With opposition to disinterment being gradually overcome, the right of private litigants to an autopsy could be acquired by contract or by authority of the state. This state has authorized post mortem examinations in criminal proceedings, see Chap. 27, Laws of Utah 1945, and in litigation dealing with occupational disease. The law with which we are presently concerned is Section 42-1a-47, U.C.A. 1943. It reads as follows:

"On the filing of a claim for compensation for death from an occupational disease where in the opinion of the commission it is necessary to accurately and scientifically ascertain the cause of death, an autopsy may be ordered by any member of the commission and shall be made by a person designated by such member of the commission. The person requesting any such autopsy shall pay the charge of the physician making the same. Any person interested may designate a duly licensed physician to attend such autopsy, and the findings of the physician performing the autopsy shall be filed with the commission and shall be a public record. All proceedings for compensation shall be suspended upon refusal of a claimant or claimants to permit such autopsy when so ordered. Where an autopsy has been performed pursuant to an order of any member of the commission no cause of action shall lie against any person, firm or corporation for participating in or requesting such autopsy."

We find nothing in this section which gives any litigant an absolute right to have an autopsy performed. At the most, it liberalized the common law rule and permits an autopsy to be performed when, in the opinion of the commission, it is necessary to accurately and scientifically ascertain the cause of death. Its purpose is to give litigants an opportunity to obtain and present to the commission scientific and reliable evidence on the causes of death.
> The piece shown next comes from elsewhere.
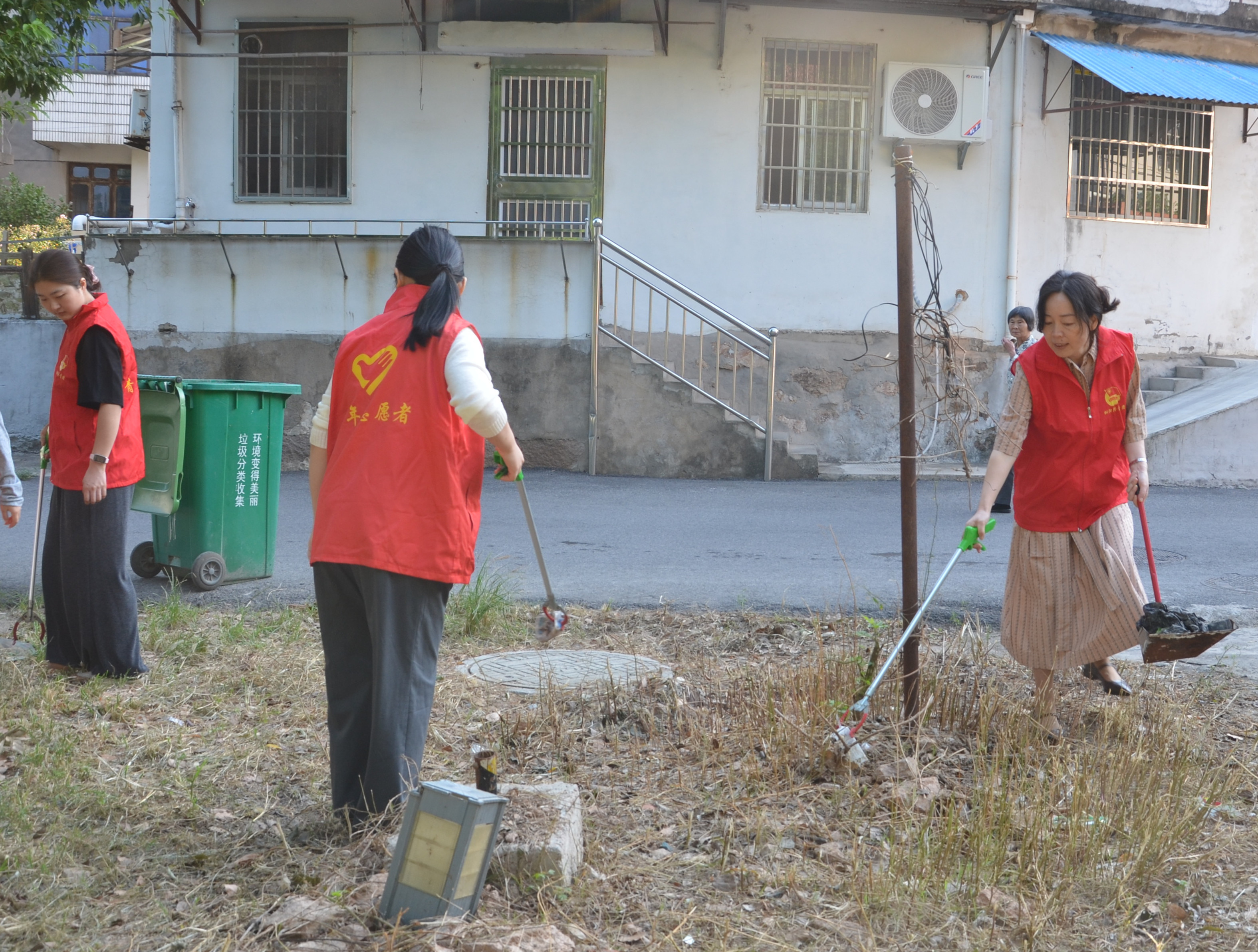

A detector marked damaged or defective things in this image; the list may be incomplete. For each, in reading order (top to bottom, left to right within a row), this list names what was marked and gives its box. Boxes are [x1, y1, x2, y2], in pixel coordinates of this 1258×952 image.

To allow sentimental reasons to be used as an excuse to prevent the examination not only defeats the purpose of the act but prevents the commission from obtaining what might be the true facts. We cannot, of course, extend this statute beyond the meaning of the terms employed but we can determine the legislative intent within the phraseology of the section, keeping in mind the purpose motivating the enactment.
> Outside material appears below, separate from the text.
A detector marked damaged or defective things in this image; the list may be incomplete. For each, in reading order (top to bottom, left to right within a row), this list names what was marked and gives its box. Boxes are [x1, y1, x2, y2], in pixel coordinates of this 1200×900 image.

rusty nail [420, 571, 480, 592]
Approaching the problem from a legislative aspect, we conclude that the legislature intended to make the decision ordering an autopsy discretionary with the commission. That the legislature further intended that in exercising its discretion the commission would not act in an arbitrary and capricious manner, but would exercise its discretion rationally and reasonably. It would appear to be unrealistic for us to conclude the legislature intended that the commission had the power to arbitrarily deny the request and that such action was not subject to review by this court. Such an interpretation would clothe the commission with, untouchable powers and extend to it authority not possessed by any other quasi-judicial agency.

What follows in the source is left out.